7/10
It's a perfect history lesson.
3 December 2010
Ashutosh Gowariker retells the astounding true story of the Chittagong uprising of 1930. Led by a fiery school teacher, a band of 64 revolutionaries, most of them school-going teenagers, launched five simultaneous attacks on British strongholds in Chittagong including the cantonment area and the telegraph office Ashutosh recreates this largely forgotten event with sincerity and sweat but unfortunately Khelein Hum Jee Jaan Sey comes off a high school history lesson: plodding, stilted and in long stretches.
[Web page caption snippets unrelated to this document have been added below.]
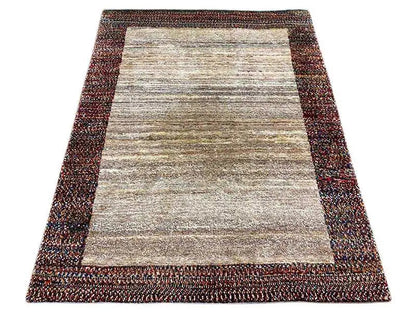 Gabbeh rug 142x107 cm with a beige central stripe and dark mottled border edge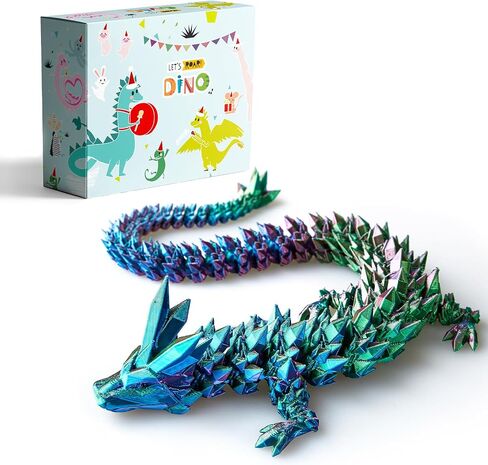 3D Printed Dragon Toys, 3D Printed Fidget Toys, Dragon Fidget Toy, Articulated Dragon, Home Office Decor Executive Desk Toys (Red-Blue) in Saudi Arabia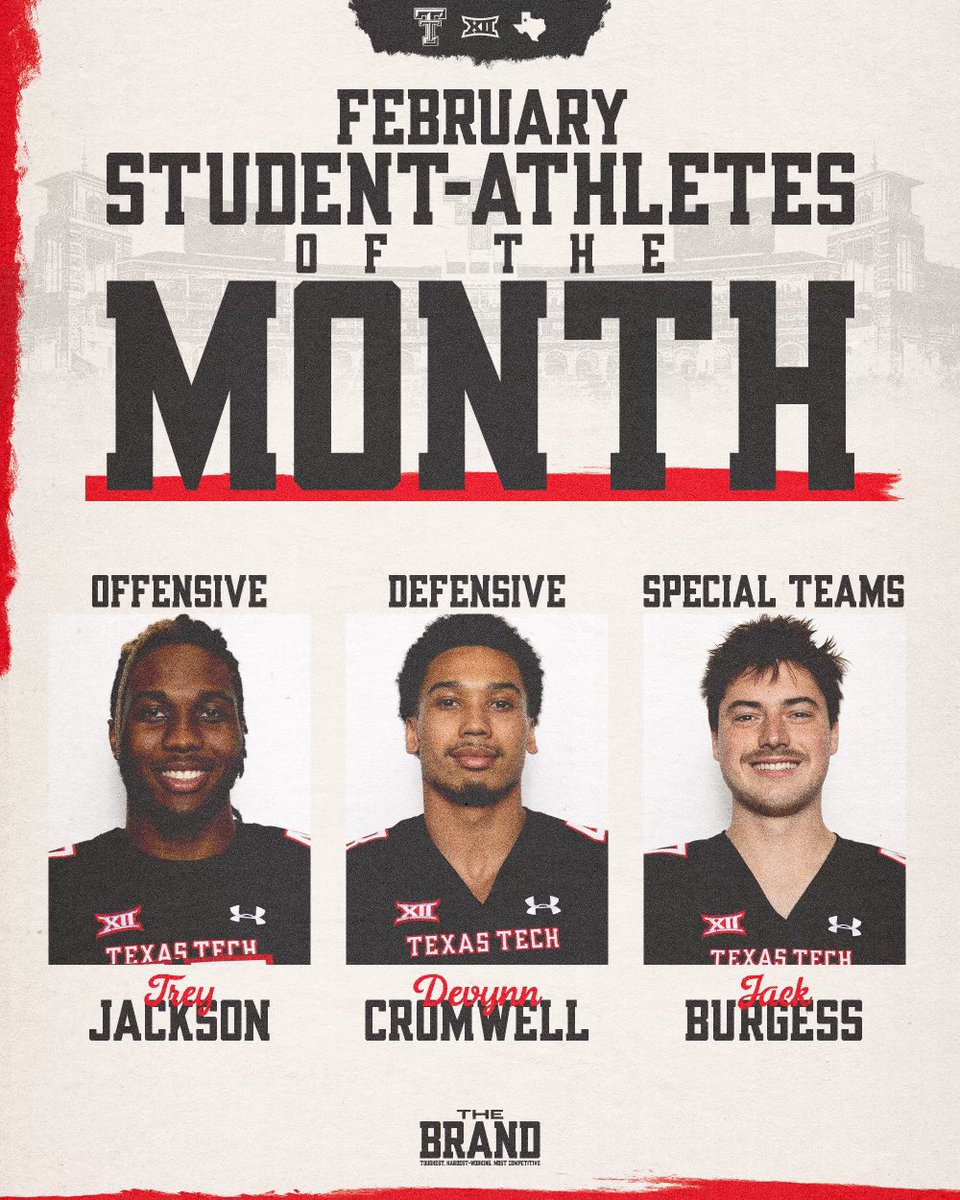 Dave Martin π΅ (@coach_martin34) on Twitter photo Winning on and Off the Field!! Congrats Men!! #TheBrand
<a href="/TreyJackson0/">Trey Jackson</a> <a href="/TheDevCromwell/">Devynn Cromwell</a> <a href="/jackburgess47/">Jack Burgess</a> <a href="/JoeyMcGuireTTU/">Joey McGuire π΅</a> <a href="/TexasTechFB/">Texas Tech Football</a> Winning on and Off the Field!! Congrats Men!! #TheBrand
<a href="/TreyJackson0/">Trey Jackson</a> <a href="/TheDevCromwell/">Devynn Cromwell</a> <a href="/jackburgess47/">Jack Burgess</a> <a href="/JoeyMcGuireTTU/">Joey McGuire π΅</a> <a href="/TexasTechFB/">Texas Tech Football</a>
The film's entire first half is the set-up to the event the nuts and bolts of planning a revolt, getting enough investment, planning and co-ordinating each step. Ashutosh introduces us to half a dozen characters but the screenplay doesn't adequately flesh out even one.

The second half has more urgency and momentum and climaxes in the inevitably tragic but rousing finale.The dialogue is always lofty and theatrical and the actors are insistently noble. Abhishek Bachchan, who plays the leader Surjya Sen, is in sober, benevolently smiling mode. We get little hint of the fire in his belly.

This is a great effort to bring such hidden subject in front of us but if you like fast paced cinema then its not your type of movie.

If you love good cinema,watch it. My vote 7 out of 10.